Opeds you don’t want to miss
Seema Chishti writes that the missing Census is accompanied by a powerful desire to mine the data of citizens, not to benefit them but to heighten the power differential with the government.
Anybody seeking to modify the Army’s practices and customs is ignorant or worse, writes Manvendra Singh. The latter possibility signifies a deliberate attempt to undermine the ethos of the force.
Adani’s empire is deep under the skin of everyday life in India, and it deserves a closer look, says Andy Mukherjee.
Arif Mohammed Khan says that as governor, he has to defend the Constitution, but he is following the playbook of governors in other non-BJP states, who are working as political agents of the central government. He has no powers to interfere in governance, says Deccan Herald.
Except in Karnataka, power has eluded the BJP in the southern states. Even in Karnataka, it did not win a clear majority. The nature and structure of contests in the South are critical to explaining the challenges that the BJP faces in the region, writes Sandeep Shastri.
The “old elite”, of which Vallabhbhai Patel was a part, took an evolutionary approach to institutions of governance while quickly instilling in them the spirit of the independent republic. In many respects, the “new set of people” — for all the changes they want in public culture and modes of expression — have not shifted from the old approach, writes Vivek Katju.

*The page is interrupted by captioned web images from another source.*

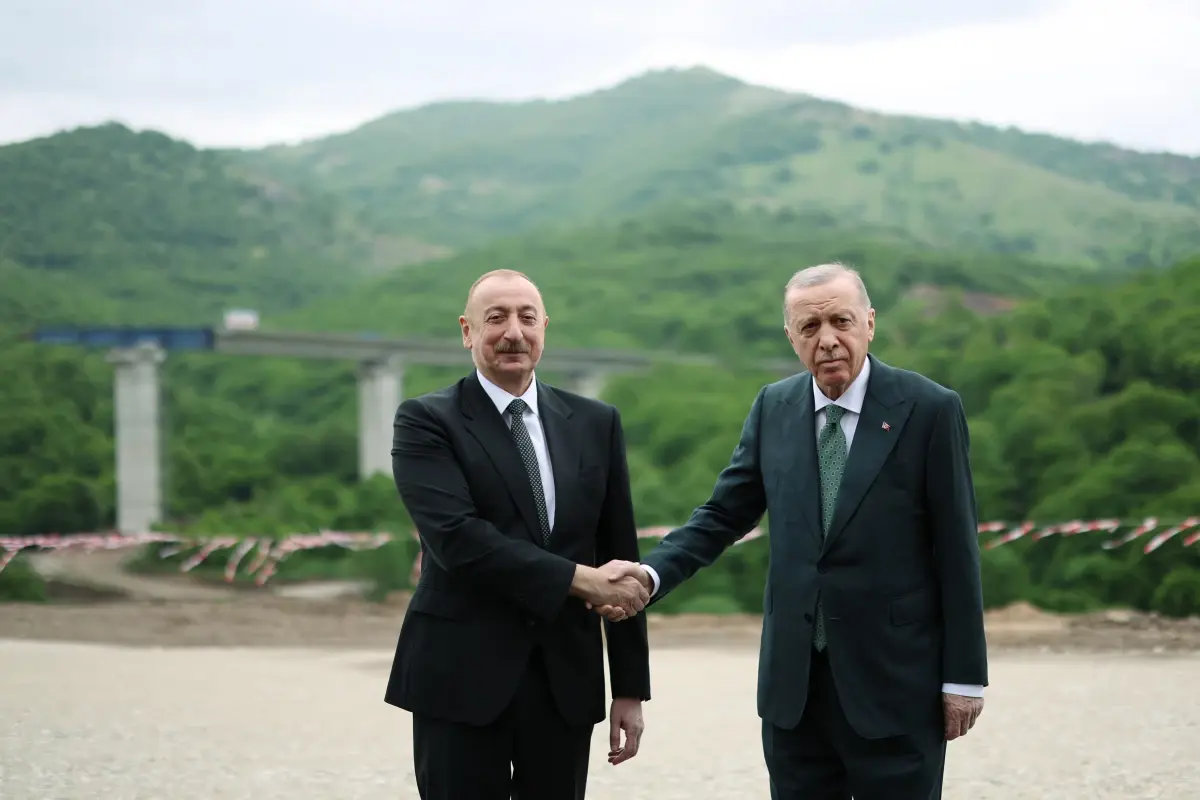 Erdoğan ve Aliyev, Azerbaycan'da Havalimanı Açılışını Gerçekleştirdi
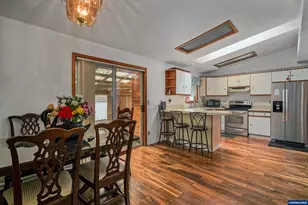 1526 Royalty Dr NE, Salem, OR 97301 - Photo 8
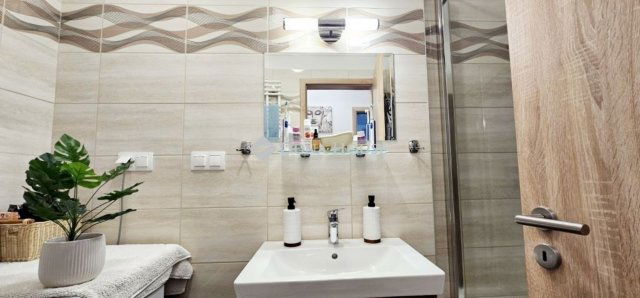 Eladó téglalakás, Szombathelyen 79.9 M Ft, 4 szobás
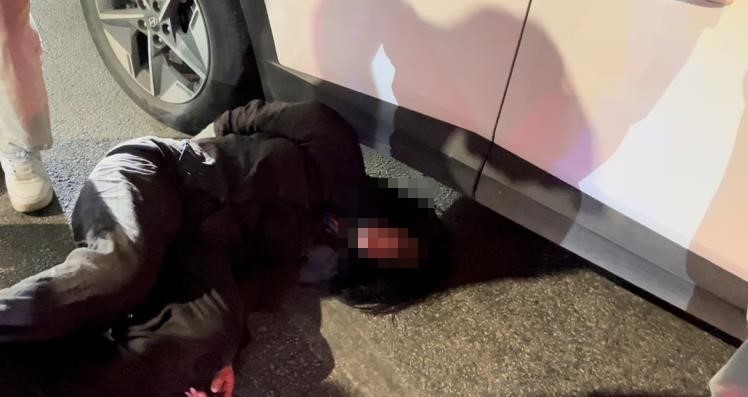 Ters yola girip gazeteci ve polislere hakaret eden şahıslar adliyeye sevk edildi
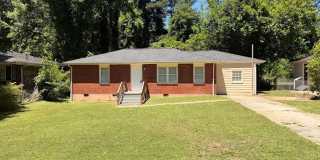 3 Bed, 1 bath in Decatur! Gallery 1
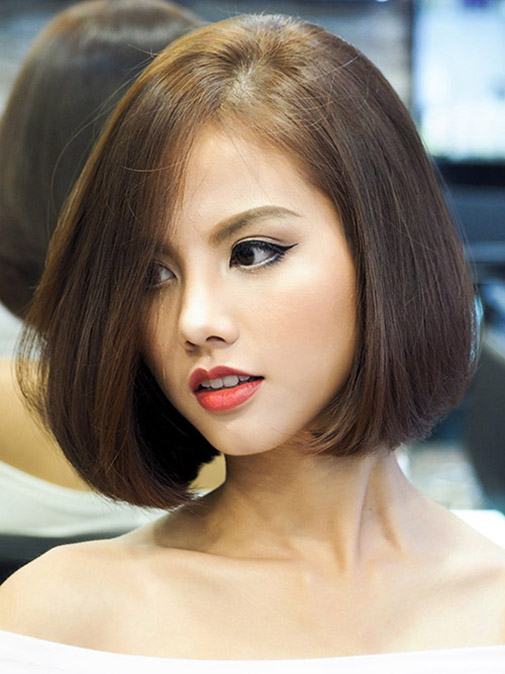 Nếu bạn đang tìm kiếm một kiểu tóc ngắn Hàn Quốc đầy phong cách và trẻ trung, thì đây chính là điểm đến của bạn. Những hình ảnh liên quan sẽ giúp bạn nhận biết được các kỹ thuật và phong cách thiết kế tóc của xứ sở kim chi, cũng như trải nghiệm vẻ đẹp của kiểu tóc ngắn Hàn Quốc.
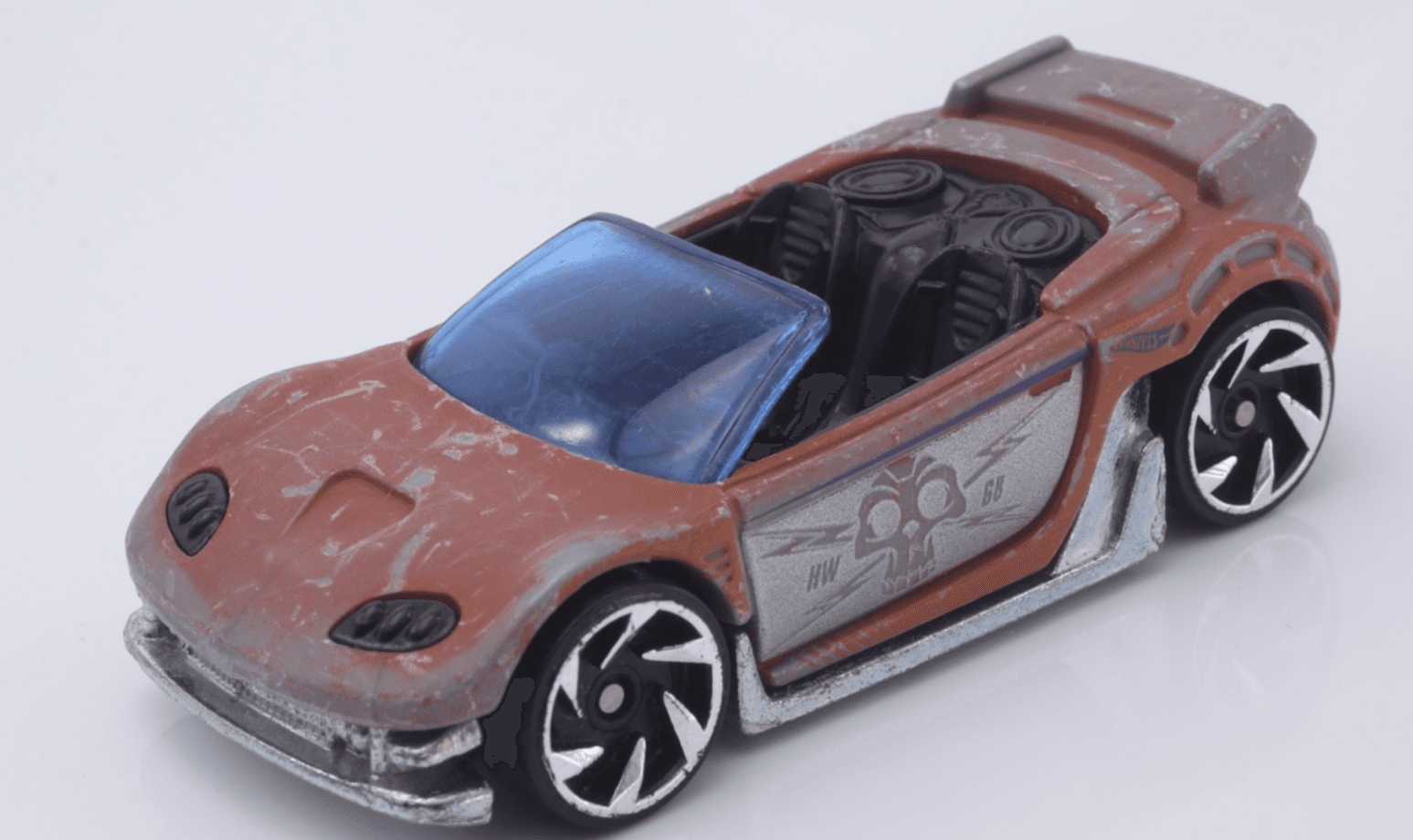 2020 Hot Wheels Color Shifters ~ TRAK-TUNE ~ Color Changing Diecast Car 1:64 - Thumbnail 2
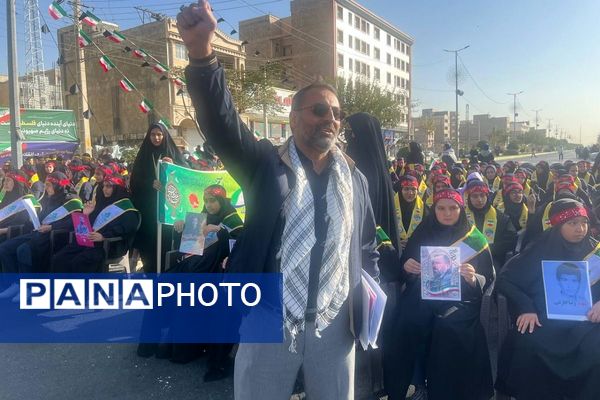 برگزاری مراسم راهپیمایی سیزده آبان با حضور دانش‌آموزان و مسئولین در ملارد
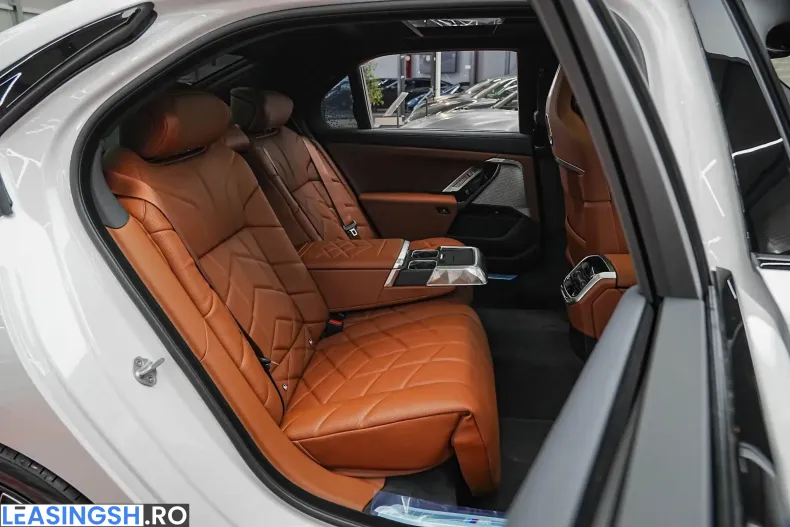 BMW 740d (Seria 7) din 2025 cu 20 km - oferta BMW219572 - foto 9
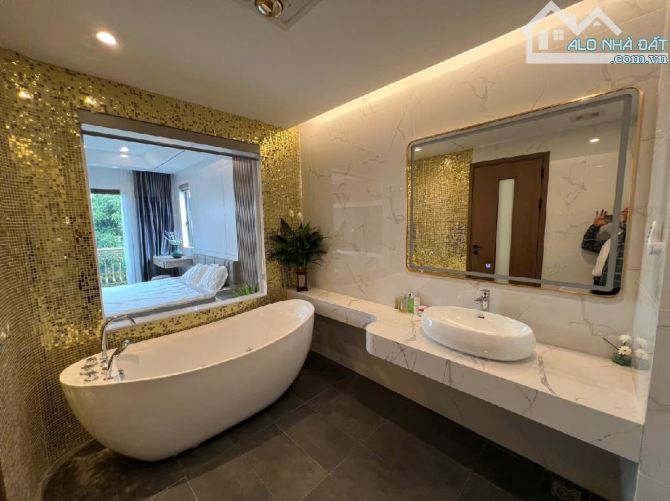 Bán nhà việt hưng 50m² , mt 4,5m , 7 tầng giá 13,2 tỷ thang máy , gara ôtô kinh doanh . - 5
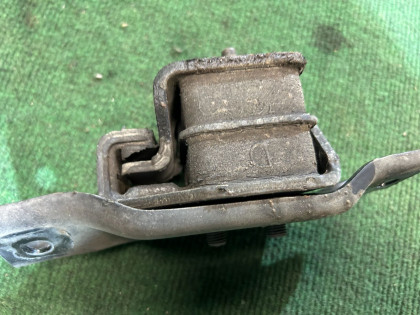 エンジンマウント SUBARU LEGACY OEM 41031FA090 41022FA000 BG5 1998 EJ20D MT5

Himanshu argues for a fiscal response on inflation. He writes that the wheat wholesale price inflation of 17.4%, the highest since 2012, confirms fears that inflation pressures are not transitory.
Patralekha Chatterjee says that India should desist from a “Jane Austen view” of rankings, stop obsessing emotionally about them and instead draw the right lessons.
The Bharat Jodo Yatra provides a sense of relief in a toxic and lawless atmosphere. Observing an alternative set of emotions and ethics is a breath of fresh air in an atmosphere ruled by a predatory state, writes Ajay Gudavarthy.
Biswajit Dhar writes that Bangladesh has highlighted its burgeoning trade deficit with India. It is an area of discord and India should work towards a greater Bangladesh presence in the Indian market.
Amol Karhadkar of The Hindu speaks on the recently approved amendments to the BCCI constitution, and examines if they are in line with the recommendations of the Justice Lodha committee.
Anupama Chopra asks actor Tabu about her process, and her working relationship with long-time collaborators like Vishal Bharadwaj, Mira Nair and Irrfan.
Over and out
A feature film on the Battle of Haifa, regarded as the “last great cavalry campaign in history”, is being developed by Indian production banners Golden Ratio Films (GRF), Yaelstar Films and Hundred Films.
The head of Wipro is getting hate mail after sacking 300 moonlighting employees. He was reportedly the first person to talk about moonlighting in the tech industry. He can’t have expected love letters.